Pebicaraan tentang kepadatan tidak akan terlepas dari masalah kesesakan, Kesesakan merupakan persepsi individu terhadap keterbatasan ruang, sehngga lebih bersifat psikis ( Gifford, 1978: Schmidt dan Keating, 1979; Stokols dalam Holahan, 1982), Kesesakan terjadi bila mekanisme privasi individu gagal berfungsi dengan baik karena individu atau kelompok terlalu banyak berinteraksi dengan yang laen tanpa diinginkan individu tersebut.
Baum dan Paulus (1987) menerangkan bahwa proses kepadatan dapat dirasakan sebagai kesesakan atau tidak dapat ditentukan oleh penilaian individu berdasarkan empat faktor:
a. Karakteristik seting fisik
b. Karakteristik seting social
c. Karakteristik personal
d. Kemampuan beradaptasi
Berikut ini akan dibahas kategori kepadatan dan akibat-akibat kepadatan tinggi:
1. Kategori Kepadatan
Menurut Altman (1975), di dalam studi sosiologi sejak tahun 1920-an, varies indicator kepadatanberhubungan dengan tingkah laku social. Varisi indicator kepadatan itu meliputi jumlah individu dalam sebuah kota, jumlah individu pada daerah sensus,jumlah individu pada unit tempat tinggal, jumlah ruangan pada unit tempat tinggal,jumlah bangunan pada lingkungan sekitar dan lain-lain.
Kepadatan dapat dibedakan ke dalam beberapa kategori, Holahan (1982) menggolongkan kepadatan ke dalam dua kategori,yaitu kepadatan spasial yang terjadi bila besar atau luas ruangan diubah menjadi lebih kecil sedangkan jumlah individi tetep, sehingga didapatkan kepadatan meningkat sejalan menurunnya besar ruangan, dan kepadatan sosialyang terjadi bila jumlah individu ditambah tampa diiringi dengan penambahan besar atau luas ruangan sehingga didapat kepadatan meningkat sejalan dengan bertambahnya individu. Altman (1975) membagi kepadatan menjadi kepadatan dalam yaitu sejumlah individu yang berada dalam suatu ruangan atau tempat tinggal seperti kepadatan dalam rumah,kamar: dan kepadatan luar yaitu sejumlah individu yang berada pada suatu wilayah tertentu, seperti jumlah penduduk yang bermukim di suatu wilayah permukiman.

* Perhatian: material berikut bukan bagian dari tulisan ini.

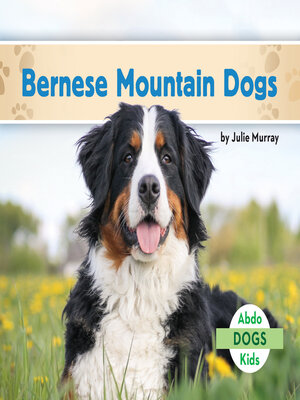 cover image of Bernese Mountain Dogs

Zlutnick dan Altman menggambarkan sebuah modeldua dimensi untuk menunjukkan beberapa macam tipe linkungan permukiman, yaitu:
1. Lingkungan pinggirankota, yang ditandai dengan tingkat kepadatan luar dan kepadatan dalam yang rendah
2. Wilayah desa miskin dimana kepadatan dalam tinggi sedangkan kepadatan luar tinggi
3. Lingkungan mewah Perkotaan, diman kepadatan dalam rendah sedangkan kepadatan luar tinggi
4. Perkampungan kota yang ditandai dengan tingkat kepadatan luar dan kepadatan dalam yang tinggi.

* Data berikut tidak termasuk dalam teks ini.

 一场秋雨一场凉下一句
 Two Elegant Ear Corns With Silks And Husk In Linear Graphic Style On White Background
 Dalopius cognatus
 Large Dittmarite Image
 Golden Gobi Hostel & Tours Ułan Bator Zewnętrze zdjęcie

2. Akibat- akibat Kepadatan Tinggi
Menurut Heimstra dan Mc Farling (1978) menberikan akibat bagi manusia baik secara fisik,social maupun psikis. Akibat secara fisik yaitu reaksi fisik yang didasarkan individu sepertipeningkatan detak jantung, tekanan darah, dan penyakit fisik lain.
Akibat secara psikis:
a. Stress, kepadatan tinggi dapat menumbuhkan perasaan negative, rasa cemas,stresdan perbahan suasana hati
b. Menarik diri, kepadatan tinggi menyebabkan individu cenderung untukmenarik diri dan kurang mau berinteraksi dengan lingkungan sosialnya.
c. Perilaku menolong kepadatan tinggi juga menurunkan keingina individu untuk menolong.
d. Kemampuan mengerjakan tugas, situasi dapat menurunkan kemampuan individu untuk mengerjakan tugas-tugasnya pada saat tertentu.
e. Perilaku agresi, situasi yang padat dialami individu dapat menumbuhkan frustasi dan kemarahan, serta pada akhirnya akan terbentuk perlaku agresi

B. KESESAKAN

Menurut Altman (1975) kesesakan adalah suatu proses interpersonal pada suatu tingkatan interaksi manusia satu dengan yang lainnya dalam suatu pasangan atau kelompok kecil. Perbedaan pengertian antara kesesakan dan kepadatan sebagaiman yang telah dibahas terdahulu tidaklah jelas benar, bahkan kadang-kadang keduanya memiliki pengertian yang sama dalam merefleksikan pemikiran secara fisik dari sejumlah manusia dalam suatu kesatuan ruang.
Adapun kesesakan dikatakan sebagai keadaan motivasional yang merupakan interaksi dari faktor spatial, social dan personal, dimana pengertiannya adalah persepsi individu terhadap keterbatasan ruang sehingga timbul kebutuhan akan ruang yang lebih luas. Jadi rangsangan berupa hal-hal yang berkaitan dengan keterbatasan ruang disini kemudian diartikan sebagai suatu kekurangan.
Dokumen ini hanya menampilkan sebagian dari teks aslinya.